Ferner R E, Alberti K G, Rawlins M D
Hum Toxicol. 1986 Jul;5(4):283-4. doi: 10.1177/096032718600500413.
A 49-year-old man with non-insulin-dependent diabetes mellitus (NIDDM) from alcoholic pancreatitis took 100 mg of glibenclamide without symptoms of hypoglycaemia even when glibenclamide concentrations were high (191 micrograms/l). There was no increase in serum C-peptide concentration. The observed half-life of glibenclamide was 6 h.
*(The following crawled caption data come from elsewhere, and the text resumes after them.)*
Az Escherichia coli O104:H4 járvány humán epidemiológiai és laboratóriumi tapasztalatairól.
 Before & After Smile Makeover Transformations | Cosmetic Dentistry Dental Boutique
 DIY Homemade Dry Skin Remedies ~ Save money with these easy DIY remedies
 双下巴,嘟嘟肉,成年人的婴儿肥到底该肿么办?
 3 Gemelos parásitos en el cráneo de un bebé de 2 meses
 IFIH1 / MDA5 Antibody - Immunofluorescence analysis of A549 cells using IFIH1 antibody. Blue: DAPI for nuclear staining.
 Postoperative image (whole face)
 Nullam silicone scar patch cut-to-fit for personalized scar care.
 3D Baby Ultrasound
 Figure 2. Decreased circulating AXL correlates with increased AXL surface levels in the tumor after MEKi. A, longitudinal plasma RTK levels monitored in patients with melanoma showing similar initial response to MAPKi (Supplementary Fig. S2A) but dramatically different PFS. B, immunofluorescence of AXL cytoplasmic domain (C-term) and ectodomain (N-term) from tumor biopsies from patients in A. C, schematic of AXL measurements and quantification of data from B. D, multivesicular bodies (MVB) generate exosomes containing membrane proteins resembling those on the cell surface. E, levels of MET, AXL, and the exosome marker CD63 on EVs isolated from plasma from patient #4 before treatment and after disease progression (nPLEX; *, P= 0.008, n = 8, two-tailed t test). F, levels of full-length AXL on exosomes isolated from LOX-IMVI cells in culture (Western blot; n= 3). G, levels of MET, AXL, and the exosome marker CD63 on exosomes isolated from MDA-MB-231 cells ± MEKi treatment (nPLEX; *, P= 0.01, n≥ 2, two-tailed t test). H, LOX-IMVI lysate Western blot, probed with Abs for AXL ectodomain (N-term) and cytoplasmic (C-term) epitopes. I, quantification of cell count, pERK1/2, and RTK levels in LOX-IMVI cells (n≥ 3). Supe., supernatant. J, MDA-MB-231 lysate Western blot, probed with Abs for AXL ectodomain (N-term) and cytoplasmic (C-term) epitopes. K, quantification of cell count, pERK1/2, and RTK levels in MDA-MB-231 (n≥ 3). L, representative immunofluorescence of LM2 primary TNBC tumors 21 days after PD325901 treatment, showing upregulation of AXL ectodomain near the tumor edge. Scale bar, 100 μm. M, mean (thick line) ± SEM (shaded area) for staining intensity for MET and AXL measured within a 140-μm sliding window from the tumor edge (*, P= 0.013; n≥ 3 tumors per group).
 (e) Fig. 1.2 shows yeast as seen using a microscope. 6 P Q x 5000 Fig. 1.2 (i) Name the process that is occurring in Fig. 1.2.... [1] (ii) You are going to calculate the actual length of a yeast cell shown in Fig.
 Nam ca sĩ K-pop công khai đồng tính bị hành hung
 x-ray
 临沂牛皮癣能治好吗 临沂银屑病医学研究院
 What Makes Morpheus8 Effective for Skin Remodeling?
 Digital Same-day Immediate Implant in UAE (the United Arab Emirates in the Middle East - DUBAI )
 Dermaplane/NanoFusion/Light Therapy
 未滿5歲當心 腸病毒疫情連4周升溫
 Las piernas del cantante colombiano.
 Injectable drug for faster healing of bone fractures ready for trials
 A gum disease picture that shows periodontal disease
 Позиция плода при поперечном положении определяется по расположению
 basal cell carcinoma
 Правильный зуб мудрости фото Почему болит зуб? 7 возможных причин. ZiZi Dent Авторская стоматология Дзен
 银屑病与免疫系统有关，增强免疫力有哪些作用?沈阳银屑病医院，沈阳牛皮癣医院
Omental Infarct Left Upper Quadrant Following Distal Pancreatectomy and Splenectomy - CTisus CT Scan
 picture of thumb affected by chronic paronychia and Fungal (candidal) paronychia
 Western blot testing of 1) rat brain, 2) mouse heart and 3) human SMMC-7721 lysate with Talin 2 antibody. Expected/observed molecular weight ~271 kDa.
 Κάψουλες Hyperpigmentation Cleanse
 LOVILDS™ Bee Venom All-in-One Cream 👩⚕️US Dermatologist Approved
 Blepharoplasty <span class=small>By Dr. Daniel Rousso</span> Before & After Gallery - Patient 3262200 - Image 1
It is concluded that high doses of glibenclamide will not provoke pancreatic insulin secretion in NIDDM caused by pancreatic destruction, there was no evidence for an acute extra-pancreatic effect of glibenclamide and the elimination of glibenclamide may be slower than supposed previously.
一名49岁因酒精性胰腺炎导致非胰岛素依赖型糖尿病(NIDDM)的男子,服用100毫克格列本脲后未出现低血糖症状,即便格列本脲浓度很高(191微克/升)。血清C肽浓度也未升高。观察到的格列本脲半衰期为6小时。结论是,高剂量格列本脲不会刺激因胰腺破坏导致的NIDDM患者的胰腺胰岛素分泌,没有证据表明格列本脲有急性胰腺外效应,且格列本脲的消除可能比之前认为的要慢。